Dans la partie d’échec qui se joue entre la Chine et les États-Unis, la principale victime n’est pas celle que l’on croit. L’Australie, un des grands fournisseurs de blé du géant asiatique, est sans doute le pays qui a le plus à perdre. Le pays pourrait payer chèrement son alignement sur la position américaine à propos des mouvements sociaux à Hong-Kong. Les États-Unis sont parvenus à contraindre la Chine à respecter ses engagements commerciaux. Les flux de matières premières ont donc repris de l’est à l’ouest du Pacifique. Mais l’Australie, qui n’a pas la même puissance, essuie les représailles de la Chine. Cette dernière a taxé le blé australien entre 90 et 100 %. Malgré les accords commerciaux passés entre les deux pays pour deux ans et afin de prévenir une rupture avec les États-Unis, « la Chine cherche déjà où se sourcer dans la perspective où se tariraient ces approvisionnements et la France est bien placée », souligne Jean-François Lépy, le directeur général de Soufflet Négoce. Le géant asiatique, gourmand en matières premières, est exigeant. Ses fournisseurs doivent correspondre à de stricts cahiers des charges et font ensuite l’objet de visites, de suivi et de contrôles. Pour le blé, seuls une poignée de pays sont aujourd’hui agréés. Et la France est actuellement l’unique en Europe, ce qui lui laisse une place de choix pour écouler sa production.

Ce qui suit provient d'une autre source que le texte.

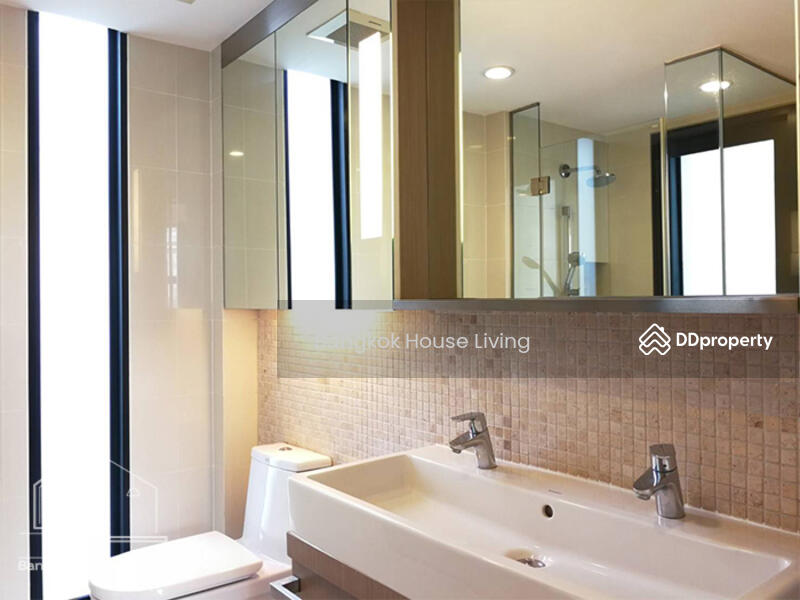 Mode Sukhumvit 61, Bangkok, Sukhumvit 61 Road, Khlong Tan Nua, Watthana, Bangkok, 2 Bedrooms, 87 sqm, Condo For Rent, by Bangkok House Living, 11000253 - DDproperty.com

Une place dans le sourcing chinois?
Sur la campagne 2019-2020, la Chine a été beaucoup plus présente qu’à l’accoutumée dans les exportations de céréales françaises. Et sur les trois premiers mois de la nouvelle saison démarrée en juillet, elle en a déjà acheté autant que sur l’ensemble de la précédente. Ce soudain appétit a deux origines: d’une part, le pays est parvenu à enrayer l’épidémie de peste porcine africaine qui décimait ses cochons. La Chine a renouvelé son cheptel et a besoin de céréales pour nourrir les animaux. D’autre part, les dernières moissons n’ont pas donné les rendements escomptés dans l’hémisphère nord, l’offre étant plus restreinte que d’habitude, et l’énorme demande de la Chine a dopé les prix. Cette flambée des cours a refroidi les autres clients potentiels qui espèrent son éventuelle retombée pour passer leurs commandes. Pour les orges, les fournisseurs de la Chine sont un peu plus nombreux mais pas sur de gros volumes, comme le Danemark et la Bulgarie. Quant à l’Ukraine, la qualité de ses grains n’est pas conforme. Pourtant, la clientèle de la Chine est très convoitée: « L’écart de prix entre une orge fourragère qui peut être exportée vers la Chine et une qui ne peut pas est de 15 €/t. L’orge, de brasserie mais surtout fourragère, représente des flux importants dopés par les bisbilles avec l’Australie. »
Concurrence australienne
La forte demande de la Chine et son désintérêt subit pour les blés australiens modifient les échanges. L’Argentine, qui a l’an dernier étendu ses surfaces de blé de 60 %, est sur les rangs. Sa production devrait continuer de croître en quantité et en qualité. Et le gouvernement a même autorisé cette année la production de blés OGM, une première mondiale. Cette modification génétique permet à la céréale de mieux résister aux sécheresse. Quant à l’Australie, elle doit se trouver de nouveaux débouchés et devrait en principe cibler prioritairement les pays d’Afrique de l’est et du Moyen-Orient, parmi lesquels l’Arabie Saoudite et, dans une moindre mesure, le Yémen qui passaient régulièrement commande auprès des exportateurs français.